## What this task involves
From the first line to the last, output the data exactly as it stands, minus its pictures.

Captioned web images
□ □ □
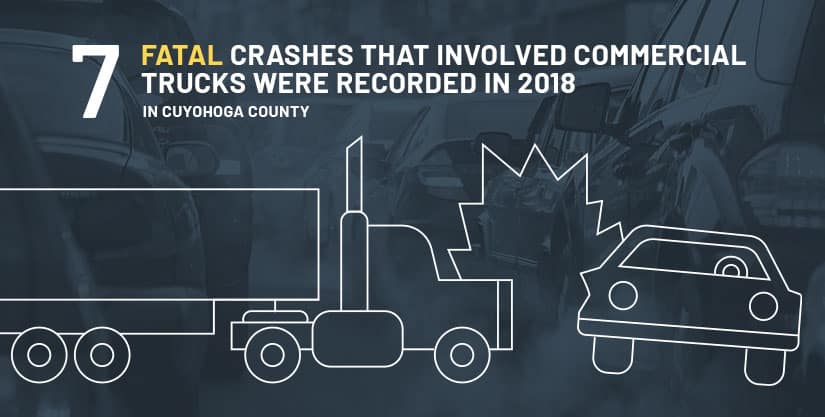 Cleveland truck accident statistics infographic showing causes and injury data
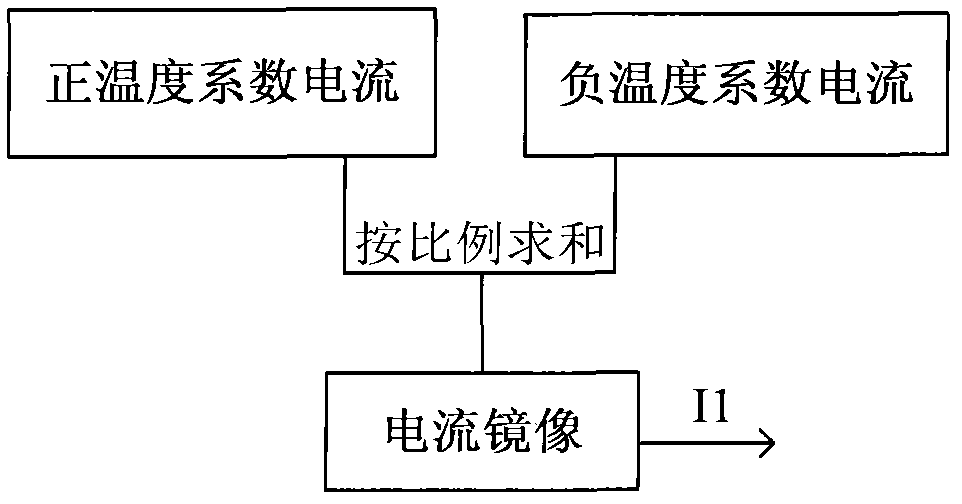 All-silicon clock generator realized on basis of complementary metal oxide semiconductor (CMOS) process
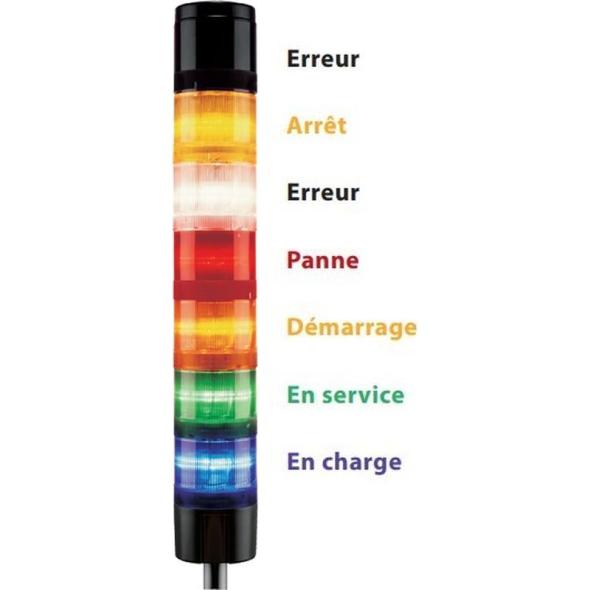 Colonne optique et sonore industrielle modulable à composer O270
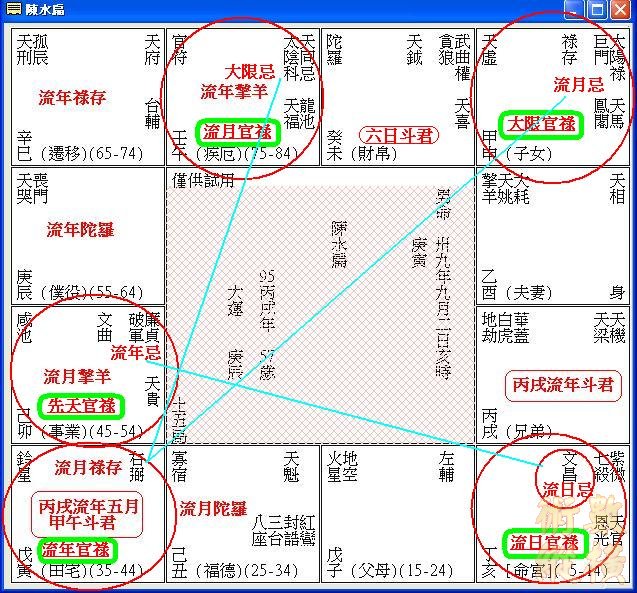 阿扁丙戌５月６日.JPG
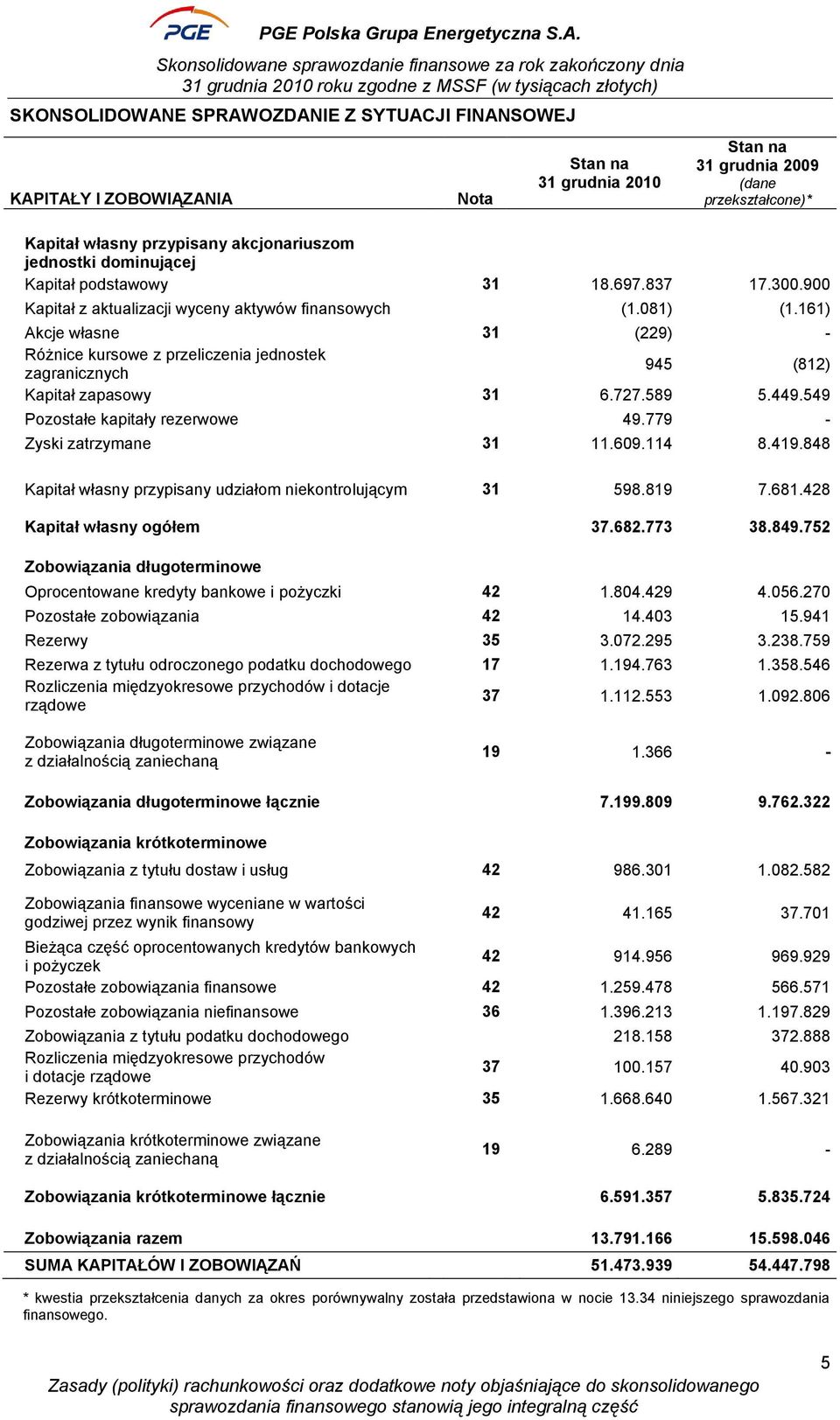 161) Akcje własne 31 (229) - Różnice kursowe z przeliczenia jednostek zagranicznych 945 (812) Kapitał zapasowy 31 6.727.589 5.449.549 Pozostałe kapitały rezerwowe 49.779 - Zyski zatrzymane 31 11.609.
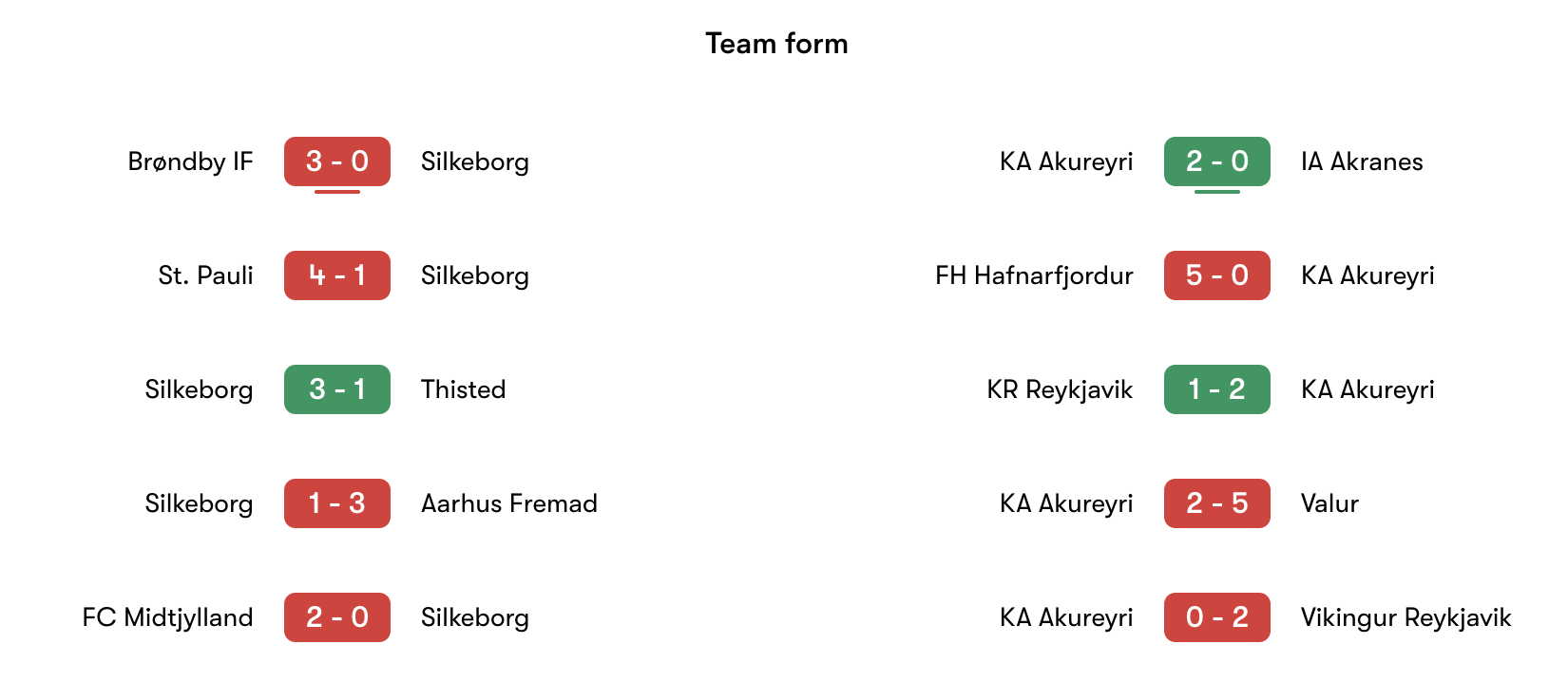 Phong độ gần nhất Silkeborg vs KA | Keolive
□ □ □
## Written response
 Cleveland truck accident statistics infographic showing causes and injury data
 All-silicon clock generator realized on basis of complementary metal oxide semiconductor (CMOS) process
 Colonne optique et sonore industrielle modulable à composer O270
 阿扁丙戌５月６日.JPG
 161) Akcje własne 31 (229) - Różnice kursowe z przeliczenia jednostek zagranicznych 945 (812) Kapitał zapasowy 31 6.727.589 5.449.549 Pozostałe kapitały rezerwowe 49.779 - Zyski zatrzymane 31 11.609.
 Phong độ gần nhất Silkeborg vs KA | Keolive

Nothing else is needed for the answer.